Friday, August 8, 2008

The First Time as Tragedy, the Second Time as Farce

I'm back in the Hong Kong Airport, sitting in the travellers' lounge. I'm not sure if my bags will make it to NY, and I'm really not feeling well. I'm sitting watching episodes of Buffy (it was The Wire the last time I was here) in an effort not to think too much. I was reading The Brothers Karamazov* on the plane, but the travel and the coverage of the Olympics opening ceremony have sufficiently deadened by brain to make me incapable of continuing.

My last day in Kathmandu, I took a ride with my favorite crazy rickshaw driver.** We went up the Monkey Temple and then back through Old Kathmandu.

The night before, I went to the orphanage that my Nepali teacher runs for dinner. In addition to two Germans, there was an American linguistics student, who is in Nepal to learn Nepali, in the hopes of getting a grant to study a largely undocumented language in the east of Nepal.*** There were also some older women from the American south, who work at an orphanage in Pokhara. I could have spotted these guys as missionaries at a 1000 yards, but didn't get a chance to warn the Germans. The Germans asked one (who was 85) how she managed to stay so youthful looking (she looked not a day over 73). So we got a spiel about Christ, but it wasn't so bad. They also figured out**** that I was Jewish. They seemed to know a ton about Judaism, including about the the imminent start of Tisha B'av, which I'm willing to wager many of my Jewish friends don't know a whole lot about. They also had some question for me about how I pronounce a certain Hebrew word, that if I understood them right was a way of seeing if I used the Ashkenazi "s" or the Sephardic/Modern "t," also a pretty inside question.*****

They also told us a story about traveling on the "Friendship Highway" at some point in the mythic past (like 1975). The highway in theory is called this to celebrate the Friendship between China and Nepal, but most people seem to say that it's so called because "if you don't have friends along it you won't make it through it."

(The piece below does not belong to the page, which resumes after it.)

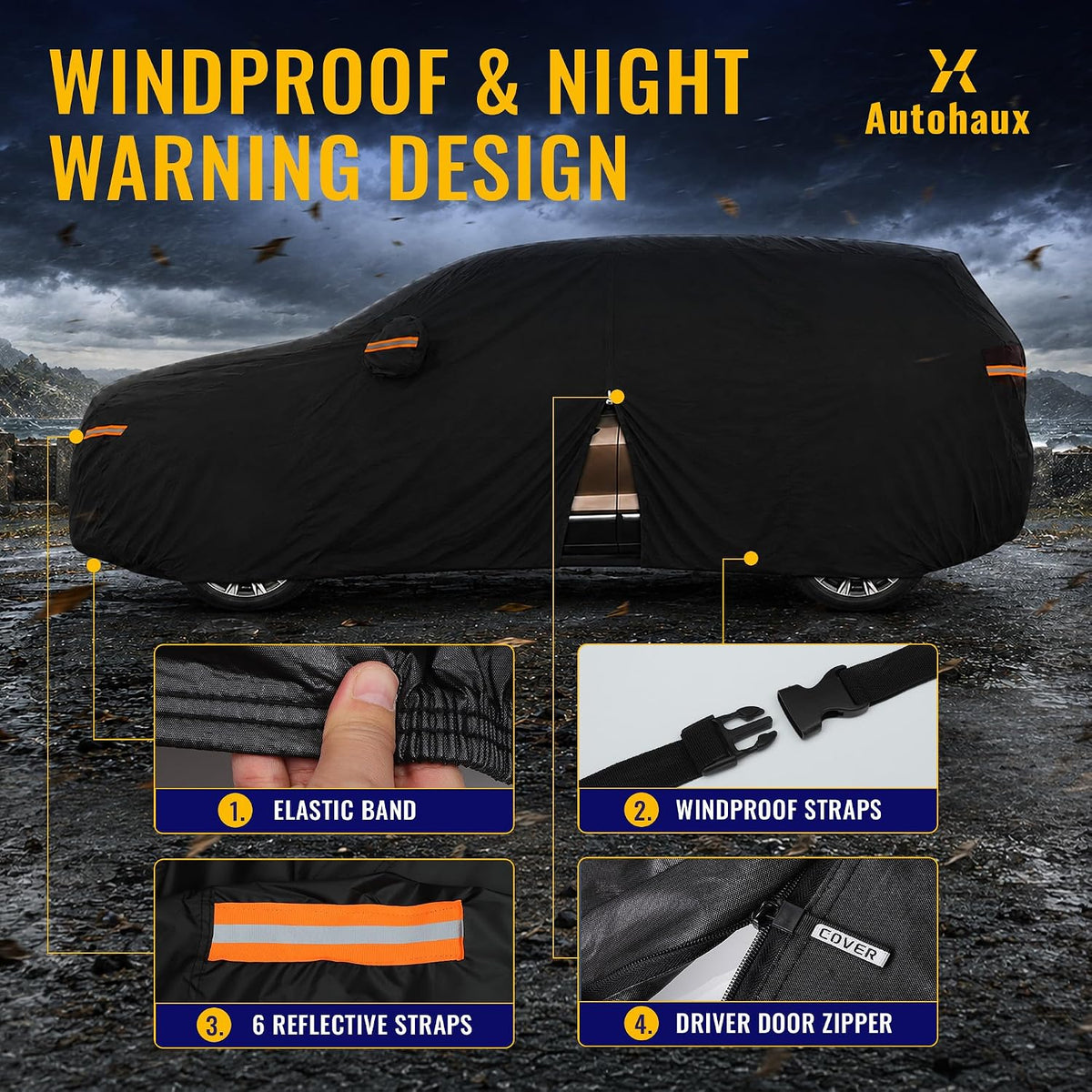 210D-PU Car Cover for Honda Civic Sedan Coupe - Colors B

* Yes. I know I should have read this along time ago, and Susan "You Can't B. Serious" Anthony and Hank Morgan should have some appropriate amounts of scorn for my weakness in Russian Lit. I have no response.
**To be fair, he is no where near as crazy as some of the cab drivers, but I think pedaling a rickshaw down the busiest streets in KTM while simultaneously conducting a conversation in a language you don't speak very well and hollering at girls on the sidewalk counts as crazy.
***There is also a chance that the existence of this language is an elaborate hoax. Well, probably not, but no two sources seem to agree on how many languages exist in Nepal. In my report, at a point where it was important, dropped a footnote citing to one of my bosses reports. In a country of 23m, with a landmass abut the size of a medium-sized US state, there are 61 ethnic groups, and 125 languages. Yes. More than 2 languages per ethnic group.
****By the incredibly stealthy tactic of asking me outright.
*****I usually use the "s," as in "shabbas," not "shabbat," but that's mostly because the only Hebrew I actually know is liturgical, and most of that I have more-or-less still memorized from a Hebrew School run by older Ashkenazi Misnagdim.